生活保護受給者の借金返済方法は?

Posted at 07/06/23 Comment(0)» Trackback(0)»

   

   あなたが、約3年前に大手消費者金融より30万円程度の貸付を受けており、

   今まで返済もせずにしていたところ、

   最近になって裁判所より異議申し立て書等の書類が届きました。


   本来ならば借金返済するのが当たり前と思いますが、

   あなたは、2年ほど前に精神疾患を患い、

   現在は生活保護を受給して生活している状況です。


   生活保護を受けている人は、最低限度の生活をしているから、

   生活保護費等の差し押さえはできないと聞いたことがあります。

   本当に返済しなくても済むものなのでしょうか?

   
   ○生活保護を受けるしか生きる道がなかったダメ人間が・・・

   
   まず、あなたもご存知と思いますが、

   「生活保護」を受けるというのはどういう状況の時でしょうか?

   
   たとえば、病気で働けなくなり、蓄えも底を尽き、アパートの家賃も滞納し、

   このままでは住む場所まで失ってしまう。頼れる親も兄弟もいない。

   友人にはこれ以上迷惑はかけられない。

   もう死んでしまったほうが楽なんじゃないか。

 
   夫の暴力に耐え切れず、逃げ出したい。

   でも、小さな子供がいて働くことができない。

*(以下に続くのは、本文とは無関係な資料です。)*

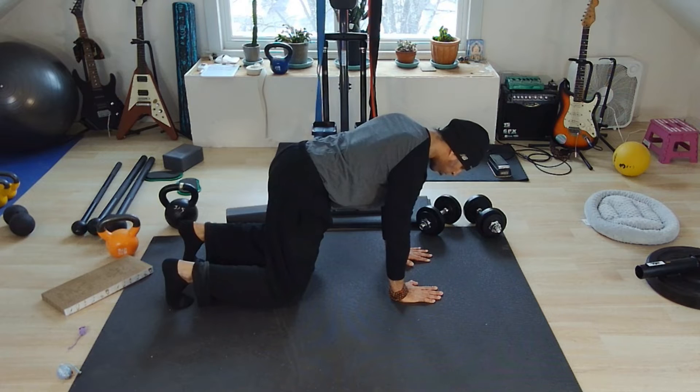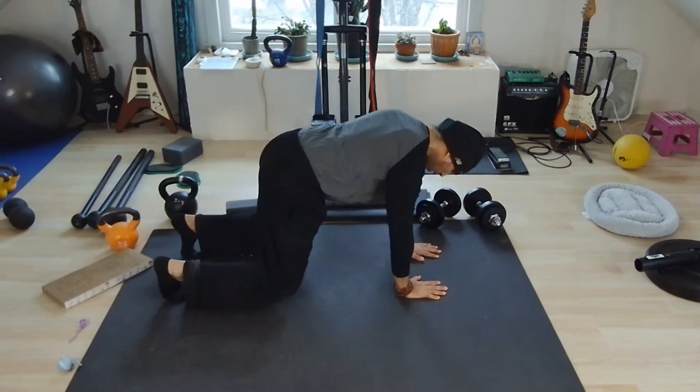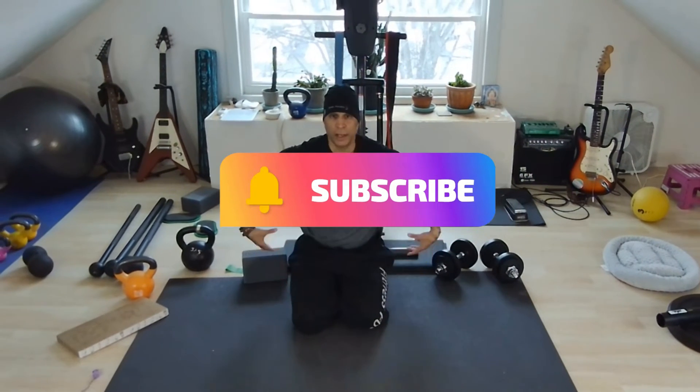I'm going to raise one arm at a time overhead — exhale, inhale, exhale, inhale. As you can see as I do that movement, I try to keep my hips level to the floor as much as I can.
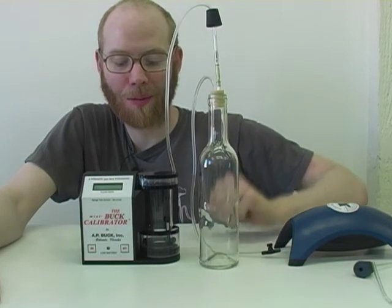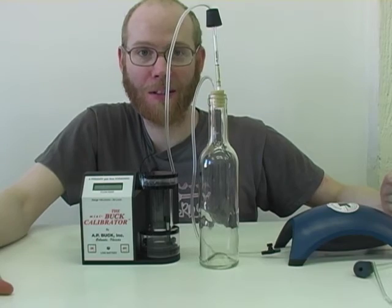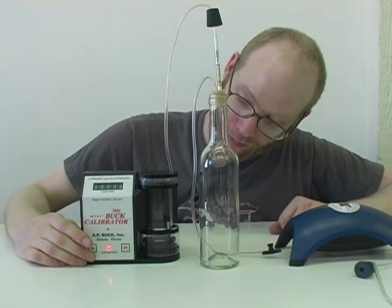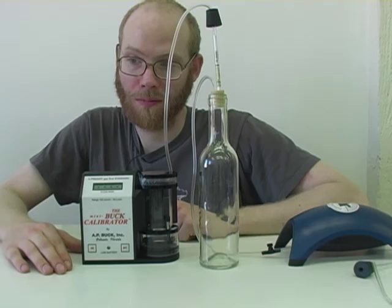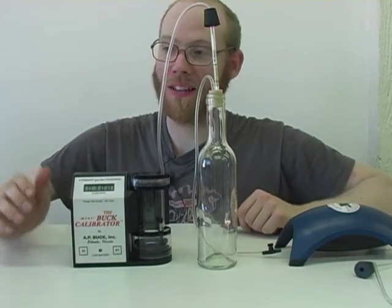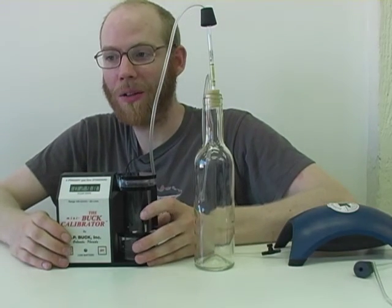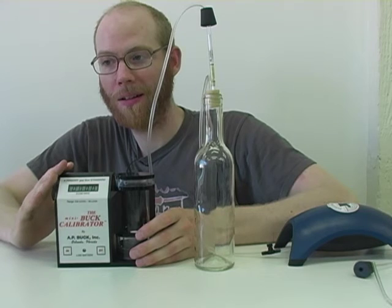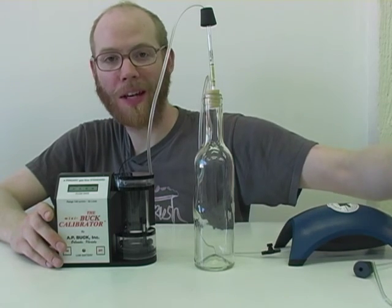I cleaned out the mini buck calibrator. I'll turn the pump on and take a measurement. The graduated cylinder measurement was 300 exactly. Let's do a couple more tests just to be sure. We have measurements of 298 and 300 milliliters per minute. The measurement with our mini buck calibrator corresponds with the measurements we made with our graduated cylinder almost exactly, which is great.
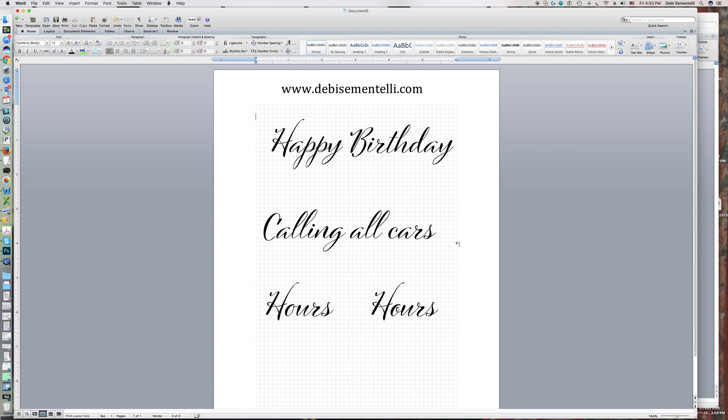This font is called Cinque Dune. If you go to my website DebbieCimentelli.com, you can purchase it there. Thanks so much for watching, bye!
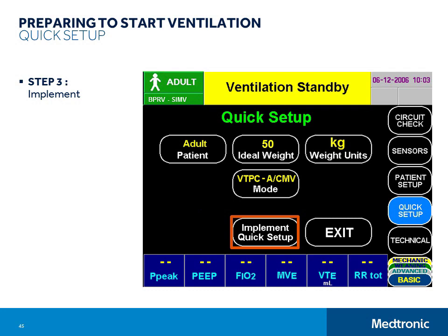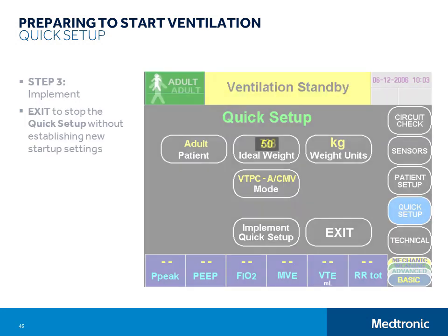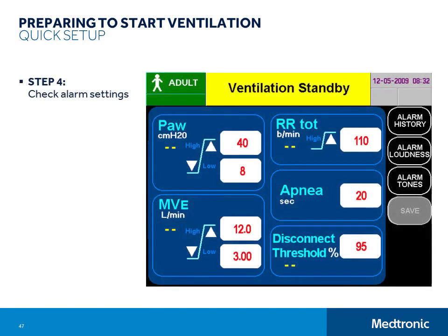If you touch the Exit button instead of the Implement Quick Setup, you will stop the Quick Setup without establishing new ventilator settings. You should check and, if necessary, readjust any ventilation or alarm settings that do not meet your clinical goals for the patient before connecting the ventilator to the patient. To check alarm settings, just press the Alarms button on the control panel. On the alarm screen, you will find all user-set alarm limits, the button for accessing alarm history, the alarm loudness setting, and the alarm tone selection setting. Remember that the ventilator remains in standby until Start Ventilating is touched.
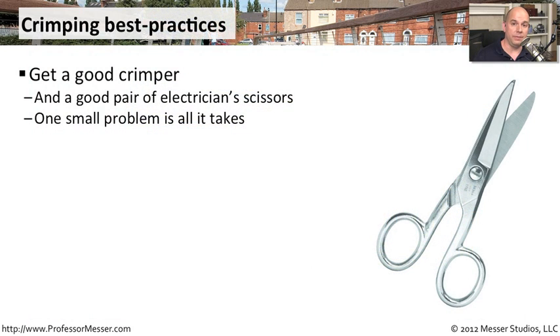A good crimper can make all of the difference. You may have a crimper that has a wire cutter built into it, wire stripping tools built into it, and it may have a ratcheting effect so that when you're crimping everything down, it gives you just the right amount of pressure for the perfect crimp. You'll also want a nice pair of electrician scissors — these are specially designed scissors with a very sharp edge, and they might have little notches on the edge to help you strip wiring as well.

アパートを借りるだけの蓄えもない。

   今のまま、我慢しつづけるしかないのかしら。

 
   年金で細々と暮らしていたが、最近では病院の医療費も馬鹿にできない値段となり、

   体の自由も効かなくなってきた。

   妻と二人で、これからの生活をどうしていったらいいのか、途方にくれている。

 
   生活保護制度というのは、こういったピンチを救う最後の砦です。

   憲法にも規定されている「日本国民として健康で文化的な最低限度の生活」を

   営むために必要な生活費、その最低水準を保障する。


   こんな風に書くと硬いようですが、

   要は、ピンチを乗り切るための手伝うのが生活保護を受けるというです。


   
   ですから、精神疾患を患い、現在は生活保護を受給して生活している状況の場合、

   裁判所から支払督促に関わる異議申立と思いますが、

   支払督促が裁判所に申立てられ、支払督促があなたに送達された時点から、

   2週間以内に異議申立をしないとそれから30日以内に

   強制執行が可能となり債務名義となります。


   ただし、生活保護費は生活保護法により差押禁止とされていますから、

   実質、支払い督促への異議申立をすれば申立人の意図(回収)に

   そぐわないものとなります。


   また、生活保護費から返済するのも禁止されています。


   そして、債権者(消費者金融)が、あなたの生活保護受給について

   認知しているかどうかも大事なことになります。


   そのような困窮した債務者に対して、支払督促を出す事はリスクが高く、

   回収の見込みもありませんので、嫌がらせ程度にしかなりません。

   そうなると、債権者が債務者の生活保護状況を知らないとしか思えません。


   念のため、保護申請した自治体の福祉課に相談され、

   担当者から交渉してもらうのが得策です。


   返済する必要は当然ありますが、

   あなたの健康状態に大きく左右される問題であり、

   さらに困窮させるような手段は人道上許されるものではありません。


   恐らく、破産が最も早い手段なのでしょうが、

   あなたがどのように判断するかですね。


   
   仮にあなたが破産を決めた時は、

   破産等の手続の前に精神疾患の程度を確認することが必要だと思います。


   (1)精神疾患の程度が3級以下の場合は、

     本人による破産手続が妥当だと思います。


   (2)精神疾患の程度が2級の場合
 
    保佐人の申立を親族が先ず行い、

    保佐人を選任した上で本人・保佐人の連名で破産手続


   (3)精神疾患の程度が1級の場合
 
    親族が貸金業者に団信・リボ団の有無を確認し、

    契約があれば所定の診断書等を提出
 
    団信が無い場合は、成年後見の申立を行い後見人を選出し、

    後見人名で任意整理(要するに残債務の放棄)を求め、

    理解の得られなかった消費者金融業者があった場合には、

    更に破産の手続きを行う。


   

   という流れになりますが、

   やはり、生活保護の場合には、

   現実的には自己破産が唯一の解決手段と考えてください。

 

   生活保護の給付金は、

   別に使途を手取り足取り管理されているわけではありませんが、

   本来は、健康で文化的な最低限度の生活を維持するための金銭であって、

   これを借金返済に使うことは予定されていません。


   生活保護の給付金を借金返済に使うことは、

   健康で文化的な最低限度の生活を割り込んだ最低以下の生活をすることであり、

   法律的には許されないことです。(別に罰則があるわけではありませんが・・・)

 

   ですから,借金を全部なくするという借金返済方法は、

   自己破産しか選択肢はないと思います。